Nando o taconeo en la plaza

Retales

Nando acostumbra a sentarse en uno de los veladores de la plaza mayor de su pueblo al filo del mediodía para deleitarse con un vermú o un vinito.

Allí se juntan unos cuantos ya con cierta edad y comparten sus manías, sus ideas, sus cuchicheos. Y el ir y venir de la gente que atraviesa la plaza. A veces se entretienen en adivinar a dónde van o de dónde vienen. No les resulta difícil; en un pueblo pequeño se conocen casi todos.

La plaza, como casi todas las plazas mayores de antes, luce a su alrededor sus pórticos. La del pueblo de Nando no es muy grande; sólo alberga en cada uno de los cuatro costados unos cinco arcos. Plaza pequeña acorde con el tamaño del pueblo.

En verano los veladores se agolpan bajo los porches para protegerse del calor y de ese sol que quema.

Hoy los veladores están situados entre debajo del porche y el sol. Acaba la primavera, pero ya luce el sol tórrido de verano. Patricio, que se las da de predecir el tiempo, dice que lloverá. Sus contertulios se ríen solo con mirar la esfera de sol que cae impenitente sobre la plaza.

De pronto una figura limpia, femenina, ataviada con una falda al vuelo entra en la plaza.
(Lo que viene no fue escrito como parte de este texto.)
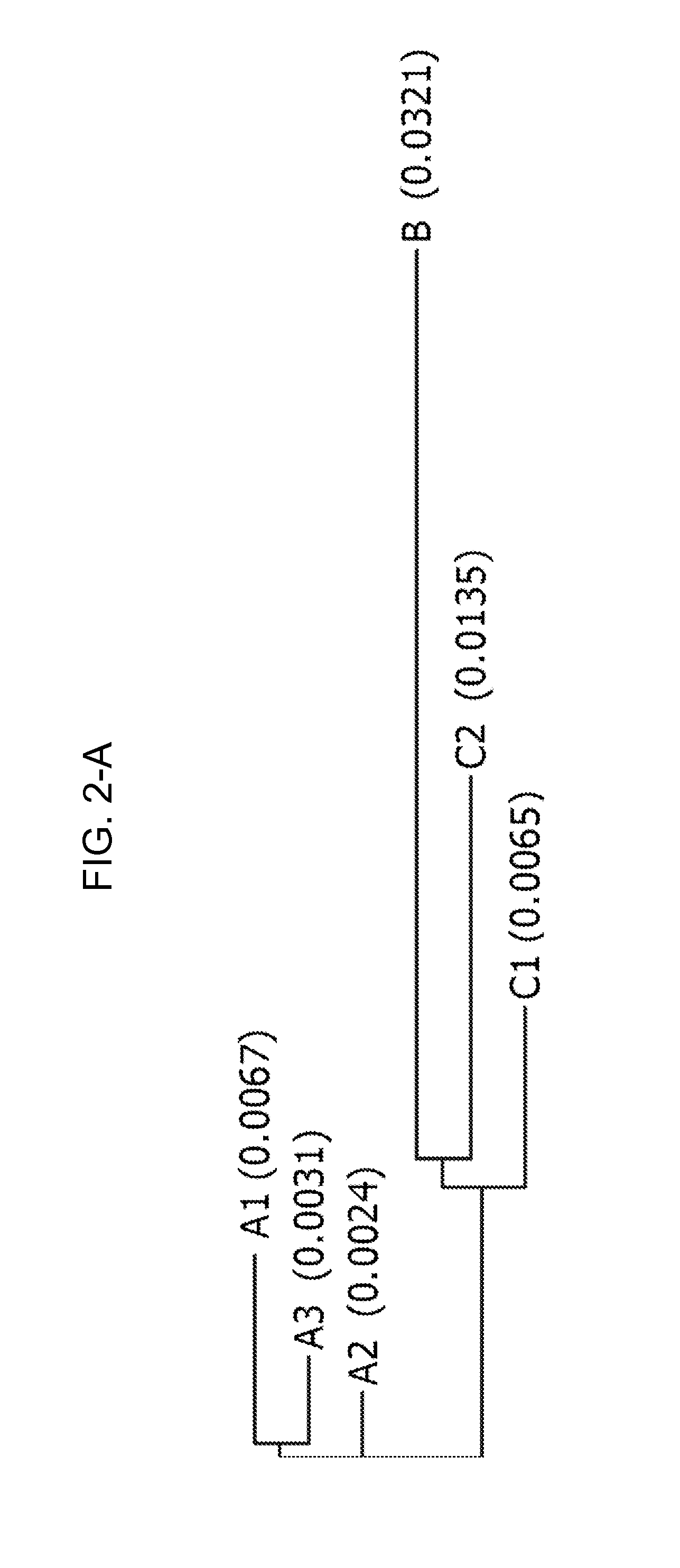 Brassica genomic assays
Nando dirige la mirada hacia la muchacha. Es Maica, la del Eladio, la menor de sus hijas, de pelo muy negro y de ojos oscuros, brillantes como el azabache.
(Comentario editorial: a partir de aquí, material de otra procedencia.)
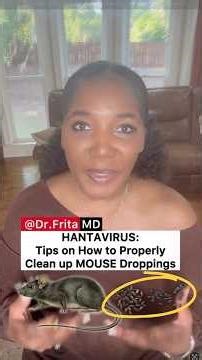 🐁 Hantavirus Outbreak Facts: Why Cleaning Your Attic Wrong Is More Dangerous Than You Think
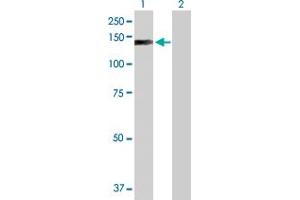 Western Blot analysis of EP400 expression in transfected 293T cell line by EP400 MaxPab polyclonal antibody.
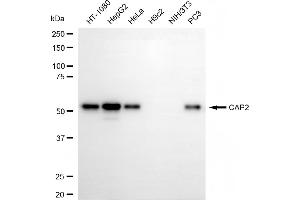 Western blotting analysis using CAP2 antibody (ABIN7797526).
Ésta escudriña cada lado del cuadrado, geométricamente perfecto que deja en el centro un círculo inscrito, buscando un abrigo bajo pámpanas rojas, pero en la plaza tan solo queda una circunferencia de cemento gris, duro, turbio, sucio…Y de tanta luz como hay, instintivamente, entorna los párpados para que no la hiera.

Y así, con los ojos entrecerrados, arranca un taconeo acompasado con esa rabia joven que suena sobre el cemento gris. La música resuena en todas las paredes, se abren las ventanas… Y esa lluvia que Patricio ha anunciado tan solo hace una media hora, aparece de pronto.

Maica alza la cara al cielo; la lluvia se desliza sobre su rostro, se detiene silente sobre sus finos párpados, todavía entreabiertos, y como perla quieta, deja en sus pestañas una gota de luz transparente. Y su alma rebelde, a pesar de la lluvia, esa alma gitana arranca bajo el agua en largo taconeo en medio de la plaza.

No hay velador que no la esté mirando. Pero ella está ausente.

Cimbrea su cintura, se alarga hasta la cima y su espalda se torna contoneo y respiro.

Se arrebata la falda en un ir hacia arriba, en un caer abajo… Su pelo enmarañado le cubre media cara… Y un grito contenido llena toda la plaza.

Llega un batir de palmas desde los veladores que le hace abrir los párpados.

Sonríe y se detiene. Y se va de la plaza con otro taconeo de ritmo y tesitura que sorprende, arrancando de nuevo otro batir de palmas, esta vez con el ritmo de ese taconeo que se aleja por una de las bocacalles.